== Task details ==
For this exercise, write out only the lines of the entries below from the one with "Tahun Ajaran Baru, Toko" up to and including the one with "Used 2025 Toyota Corolla LE image 17", exactly as they are. Pictures stay out.

== Excerpted data ==
———

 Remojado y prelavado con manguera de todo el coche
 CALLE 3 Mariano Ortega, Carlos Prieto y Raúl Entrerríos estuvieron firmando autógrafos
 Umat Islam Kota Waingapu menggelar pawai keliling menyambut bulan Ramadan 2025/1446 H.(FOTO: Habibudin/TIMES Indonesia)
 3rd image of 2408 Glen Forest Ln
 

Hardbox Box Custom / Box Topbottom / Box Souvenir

———

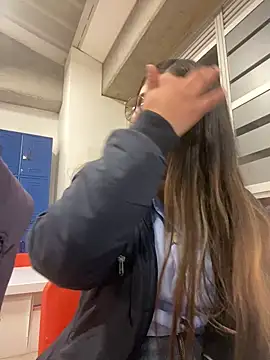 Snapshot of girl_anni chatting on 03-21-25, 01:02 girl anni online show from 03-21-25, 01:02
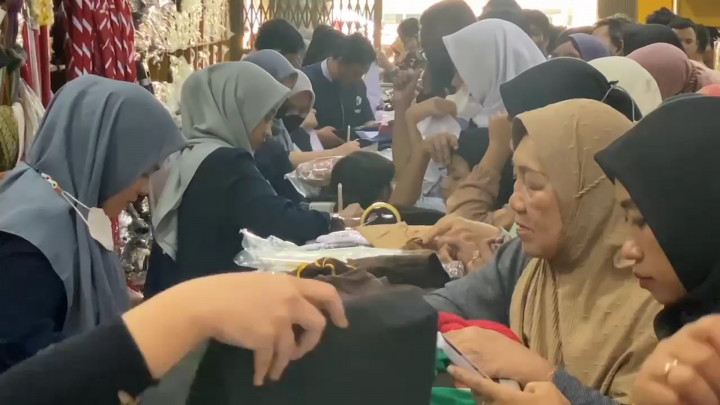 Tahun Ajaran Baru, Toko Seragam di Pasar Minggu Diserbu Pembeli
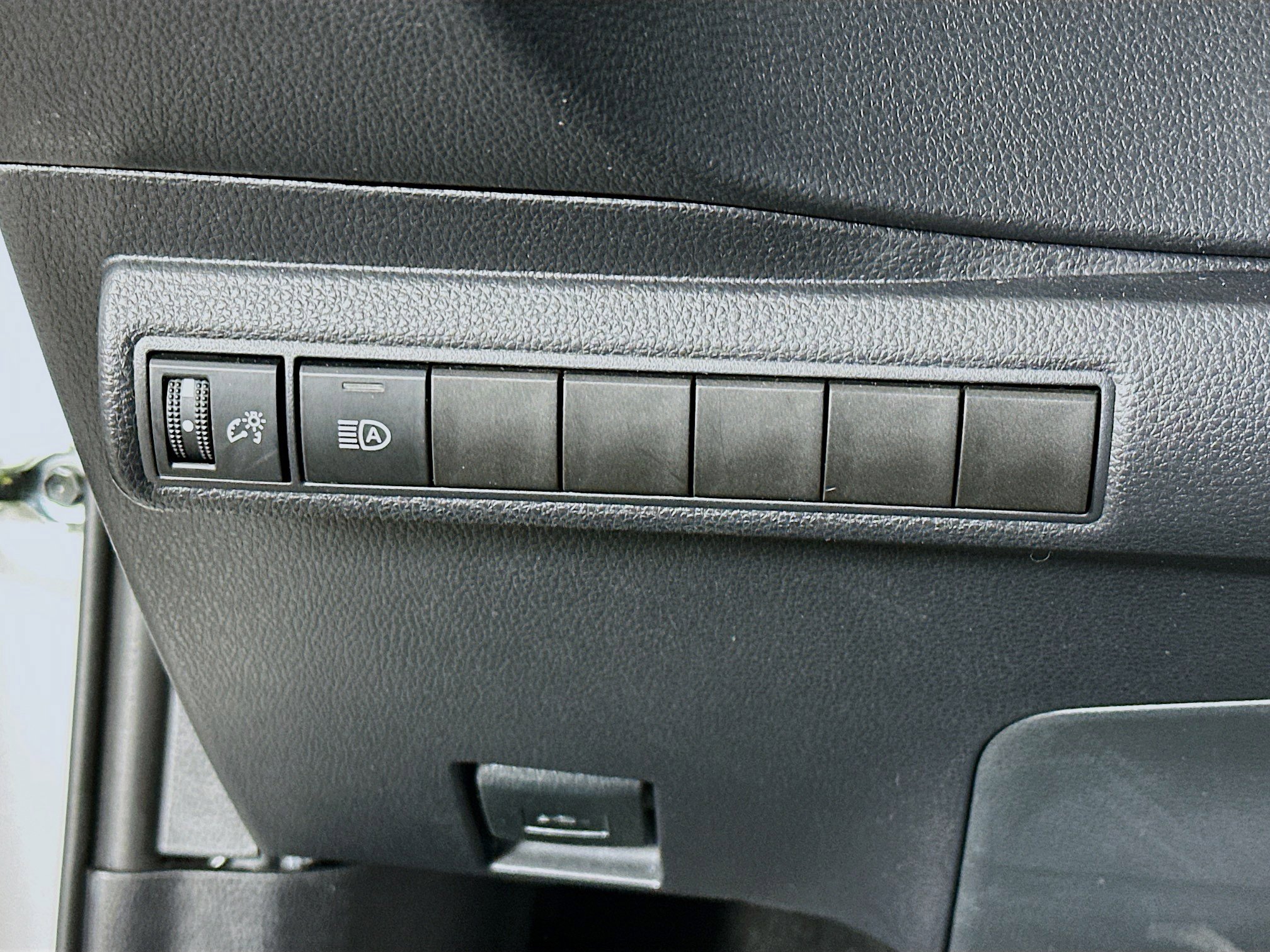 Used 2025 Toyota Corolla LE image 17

———

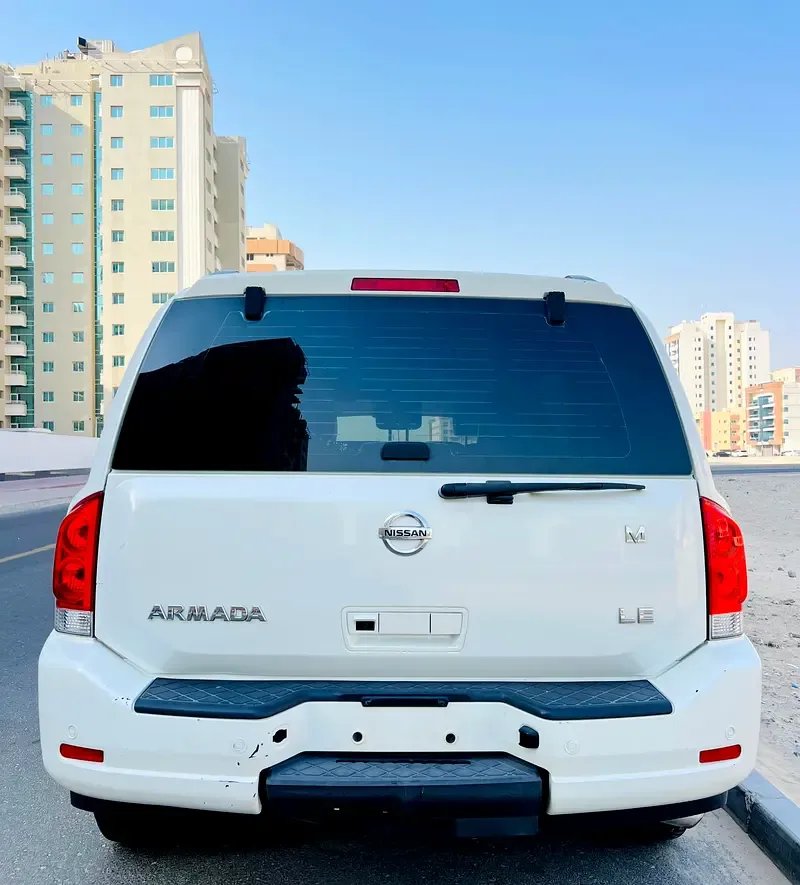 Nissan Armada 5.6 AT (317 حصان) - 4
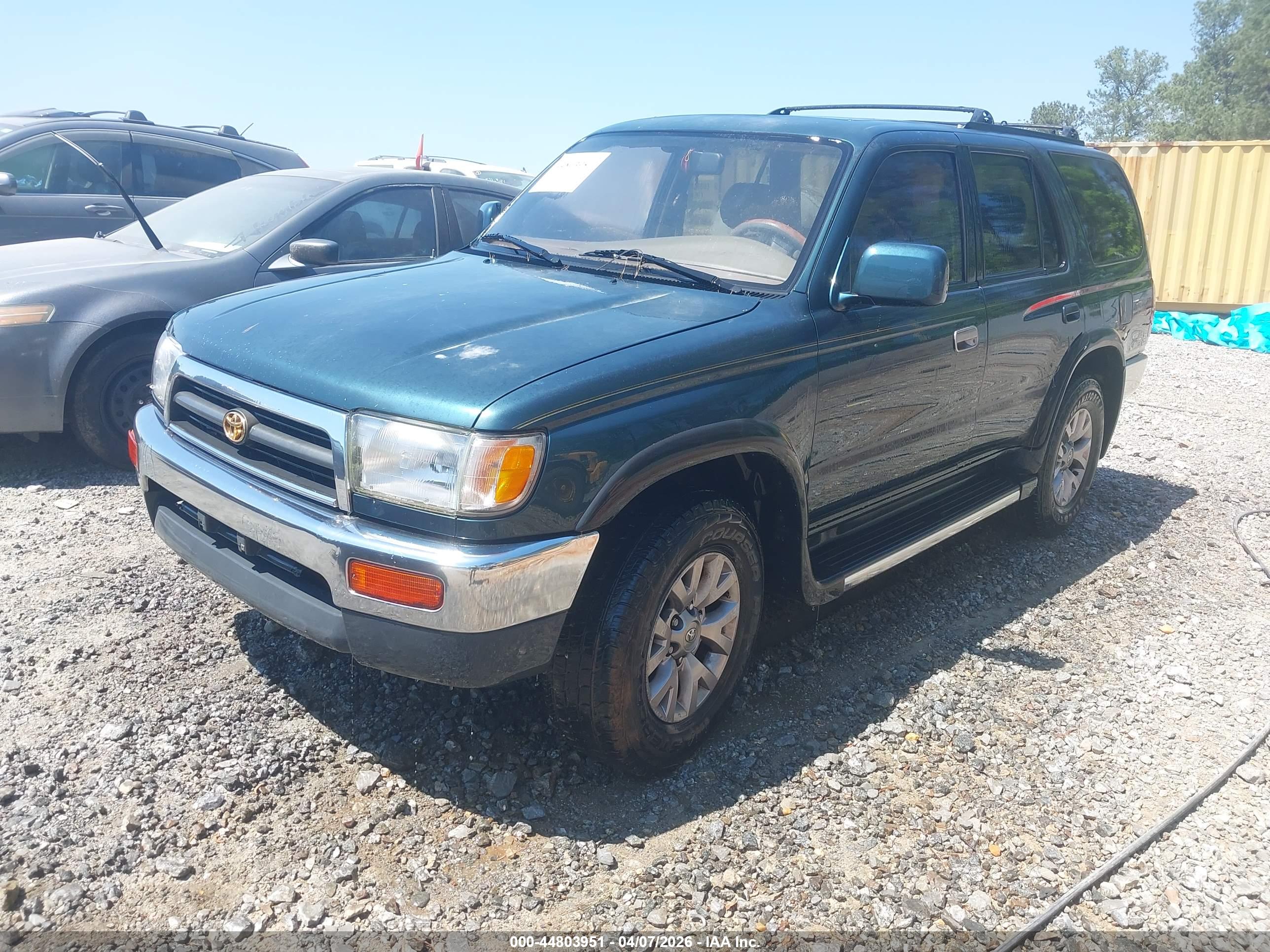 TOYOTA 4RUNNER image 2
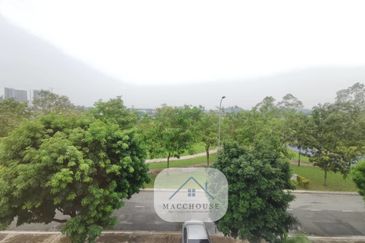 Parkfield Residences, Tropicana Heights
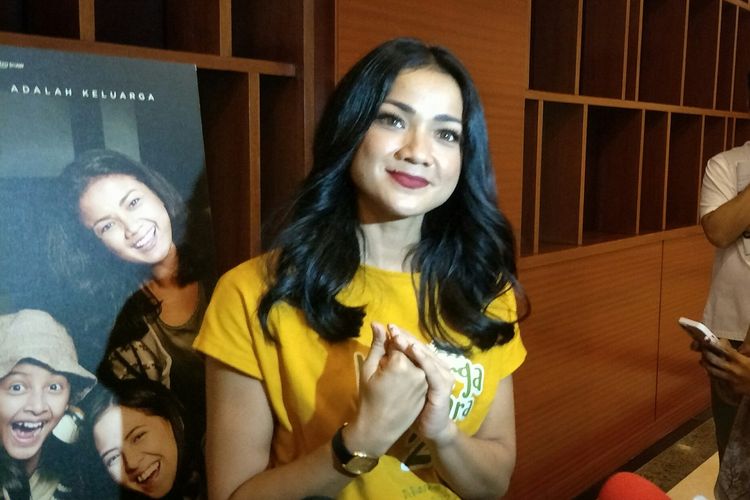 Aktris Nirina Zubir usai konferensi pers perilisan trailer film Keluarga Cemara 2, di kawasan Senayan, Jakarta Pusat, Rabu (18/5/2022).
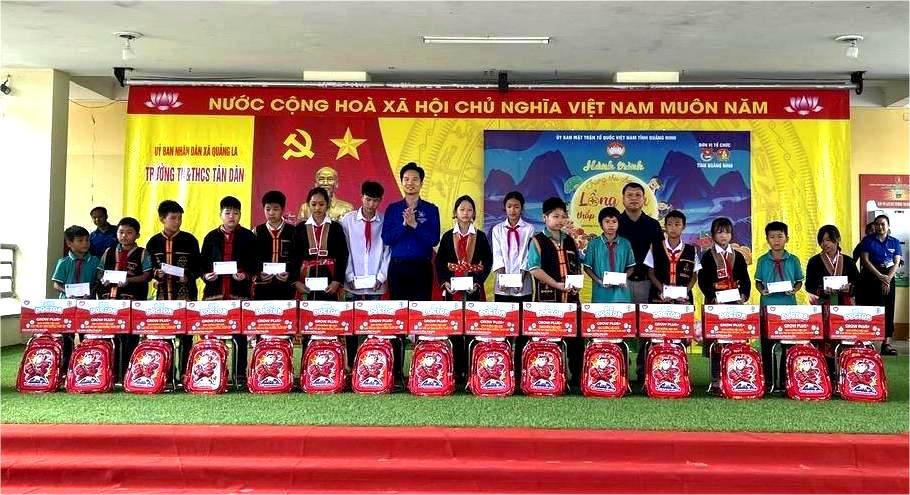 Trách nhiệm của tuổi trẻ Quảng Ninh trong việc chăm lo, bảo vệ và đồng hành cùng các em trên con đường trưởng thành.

———

== Task output ==
 Tahun Ajaran Baru, Toko Seragam di Pasar Minggu Diserbu Pembeli
 Used 2025 Toyota Corolla LE image 17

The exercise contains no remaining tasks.